En s’attachant Daniele Rustioni comme chef permanent à partir de septembre 2017, l’Opéra de Lyon se dote d’un formidable atout, à en juger d’après sa direction magistrale de La Juive, qu’il mène sans faiblir et surtout sans se laisser aller à des excès de décibels comme il ne serait que trop facile de le faire. La fosse sonne ici fort bien, et les chœurs de l’Opéra de Lyon se montrent exemplaires de précision et de conviction. On ne peut malgré tout que regretter la décision de conserver les coupures « traditionnelles », la plus scandaleuse – et la plus habituelle – portant bien sûr sur la cabalette « Dieu m’éclaire », indispensable complément de « Rachel, quand du Seigneur ». Le programme de salle retourne d’ailleurs le couteau dans la plaie, en précisant que, donnée dans son intégralité, La Juive « dure 4 heures 30, soit autant que Le Crépuscule des dieux ». Puisse-t-il advenir un jour où l’on jouera en France toute cette partition sans l’amputer pour la réduire à 3 heures !
© Franck Faipot
L’un des artisans du retour de La Juive sur les scènes fut sans doute Neil Schicoff ; voici que lui succède Nikolai Schukoff, la ressemblance se bornant à la quasi-homonymie de leur patronyme. Oublions César Vezzani, cela vaut mieux, en termes de timbre et d’ampleur vocale. Si son premier air passe curieusement inaperçu, Schukoff surprend et captive en chantant pianissimo le premier couplet de « Rachel, quand du Seigneur », comme une confession murmurée.
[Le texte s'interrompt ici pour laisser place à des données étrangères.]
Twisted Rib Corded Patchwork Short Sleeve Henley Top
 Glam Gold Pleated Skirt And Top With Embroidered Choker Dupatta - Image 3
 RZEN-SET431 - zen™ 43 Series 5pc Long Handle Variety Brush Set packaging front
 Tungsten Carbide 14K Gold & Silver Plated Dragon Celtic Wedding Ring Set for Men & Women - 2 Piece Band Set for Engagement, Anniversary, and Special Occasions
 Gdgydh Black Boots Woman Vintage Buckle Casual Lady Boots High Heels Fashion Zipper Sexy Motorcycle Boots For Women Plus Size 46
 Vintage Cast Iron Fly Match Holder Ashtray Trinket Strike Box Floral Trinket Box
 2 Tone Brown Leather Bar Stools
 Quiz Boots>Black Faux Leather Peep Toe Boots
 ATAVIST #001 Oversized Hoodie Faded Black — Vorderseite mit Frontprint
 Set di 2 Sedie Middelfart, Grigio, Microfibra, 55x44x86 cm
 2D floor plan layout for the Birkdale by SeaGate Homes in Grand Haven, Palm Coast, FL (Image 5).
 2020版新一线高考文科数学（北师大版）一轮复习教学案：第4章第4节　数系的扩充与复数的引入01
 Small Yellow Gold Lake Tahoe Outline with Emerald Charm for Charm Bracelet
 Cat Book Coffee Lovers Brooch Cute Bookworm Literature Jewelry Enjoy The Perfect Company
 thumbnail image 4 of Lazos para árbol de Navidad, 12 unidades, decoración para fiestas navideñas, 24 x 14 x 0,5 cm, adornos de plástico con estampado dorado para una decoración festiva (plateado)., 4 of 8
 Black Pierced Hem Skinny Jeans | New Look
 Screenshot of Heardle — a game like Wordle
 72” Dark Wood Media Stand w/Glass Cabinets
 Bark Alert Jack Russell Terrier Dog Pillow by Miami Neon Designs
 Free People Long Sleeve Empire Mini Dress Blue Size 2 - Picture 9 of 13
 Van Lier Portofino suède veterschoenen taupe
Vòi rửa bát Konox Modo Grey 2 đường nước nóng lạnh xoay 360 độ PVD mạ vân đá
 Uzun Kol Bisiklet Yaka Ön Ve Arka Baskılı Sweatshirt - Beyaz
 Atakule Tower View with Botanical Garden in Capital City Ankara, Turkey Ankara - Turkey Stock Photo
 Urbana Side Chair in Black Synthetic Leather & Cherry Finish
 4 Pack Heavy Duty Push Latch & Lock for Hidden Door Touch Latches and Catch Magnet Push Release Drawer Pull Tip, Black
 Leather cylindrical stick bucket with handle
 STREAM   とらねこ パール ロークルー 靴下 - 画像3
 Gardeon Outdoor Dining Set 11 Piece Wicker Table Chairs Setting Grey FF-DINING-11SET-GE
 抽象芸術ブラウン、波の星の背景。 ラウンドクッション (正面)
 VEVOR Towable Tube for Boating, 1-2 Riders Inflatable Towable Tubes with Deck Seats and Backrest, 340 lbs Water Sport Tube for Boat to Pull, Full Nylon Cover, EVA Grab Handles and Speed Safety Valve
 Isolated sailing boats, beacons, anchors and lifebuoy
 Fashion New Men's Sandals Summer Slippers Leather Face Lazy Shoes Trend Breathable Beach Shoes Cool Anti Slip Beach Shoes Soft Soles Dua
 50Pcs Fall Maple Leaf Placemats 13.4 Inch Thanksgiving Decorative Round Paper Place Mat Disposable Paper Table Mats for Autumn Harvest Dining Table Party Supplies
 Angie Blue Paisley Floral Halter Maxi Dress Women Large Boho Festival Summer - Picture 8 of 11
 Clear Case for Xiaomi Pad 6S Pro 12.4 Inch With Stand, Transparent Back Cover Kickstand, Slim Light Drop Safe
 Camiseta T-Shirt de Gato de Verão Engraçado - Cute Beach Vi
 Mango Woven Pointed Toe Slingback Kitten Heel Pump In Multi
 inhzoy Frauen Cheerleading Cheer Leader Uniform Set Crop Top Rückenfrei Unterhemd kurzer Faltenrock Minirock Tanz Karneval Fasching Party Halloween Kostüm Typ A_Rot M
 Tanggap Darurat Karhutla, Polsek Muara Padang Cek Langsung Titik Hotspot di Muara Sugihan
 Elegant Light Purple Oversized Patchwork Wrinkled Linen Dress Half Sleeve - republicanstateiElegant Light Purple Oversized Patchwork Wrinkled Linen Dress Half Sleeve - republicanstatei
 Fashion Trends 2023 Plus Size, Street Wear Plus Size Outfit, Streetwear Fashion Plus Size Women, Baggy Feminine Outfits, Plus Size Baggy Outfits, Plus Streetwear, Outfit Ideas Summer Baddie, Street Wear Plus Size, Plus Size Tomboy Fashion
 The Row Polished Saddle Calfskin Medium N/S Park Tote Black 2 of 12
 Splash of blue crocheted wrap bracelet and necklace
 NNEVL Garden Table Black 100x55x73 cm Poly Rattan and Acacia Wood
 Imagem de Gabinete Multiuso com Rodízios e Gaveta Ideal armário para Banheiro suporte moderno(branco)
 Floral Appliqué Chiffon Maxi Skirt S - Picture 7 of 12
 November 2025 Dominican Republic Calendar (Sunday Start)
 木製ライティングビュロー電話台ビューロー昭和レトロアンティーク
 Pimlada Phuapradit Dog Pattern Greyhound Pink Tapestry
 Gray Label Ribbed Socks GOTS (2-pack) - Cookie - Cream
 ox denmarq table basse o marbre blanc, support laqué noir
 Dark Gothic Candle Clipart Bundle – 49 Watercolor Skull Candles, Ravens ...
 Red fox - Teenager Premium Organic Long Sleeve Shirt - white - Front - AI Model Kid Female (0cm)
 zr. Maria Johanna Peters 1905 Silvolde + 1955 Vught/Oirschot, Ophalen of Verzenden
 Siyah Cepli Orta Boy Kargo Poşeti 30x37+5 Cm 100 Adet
Sa fille trouve en revanche, en la personne de Rachel Harnisch, une titulaire proche de l’idéal, avec les graves nécessaires et une douceur confondante dans l’émission des aigus (il n’est pas impossible qu’elle ait beaucoup écouté Crespin dans « Il va venir ») ; le français de la soprano suisse est excellent, et l’actrice est convaincante. Avec Enea Scala, Leopold redevient le personnage central qu’il n’est hélas pas toujours quand on le confie à des seconds couteaux : malgré certaines nasalités, le ténor italien combine admirablement virtuosité et puissance. Confier Eudoxie à Sabina Puértolas était a priori une idée intéressante, car la soprano espagnole possède un timbre riche qui tranche avec les voix ultra-légères auxquelles le personnage est souvent attribué : on peut aussi se réjouir de voir rétabli le boléro de la princesse, malheureusement, les acrobaties du rôle l’obligeant à brutaliser son émission et à émettre des notes assez désagréables. Roberto Scandiuzzi est un Brogni bougon dont la voix n’a cessé de s’étoffer et de s’amplifier avec les années : pour lui comme pour la plupart de ses collègues, la prononciation du français est extrêmement intelligible, mais des scories pourraient encore être éliminées dans les e/é/è et les syllabes nasalisées. Diction impeccable, en revanche, pour l’Albert stylé du Britannique Charles Rice. Avec Ruggiero, Vincent Le Texier joue un peu les utilités mais, malgré une voix qui a tendance à bouger, il prête une belle véhémence à ce personnage épisodique. Heureux public des antipodes, qui découvrira prochainement ce spectacle (mais avec quelle distribution ?) puisqu’il est le fruit d’une coproduction entre l’Opéra de Lyon et Opéra Australia.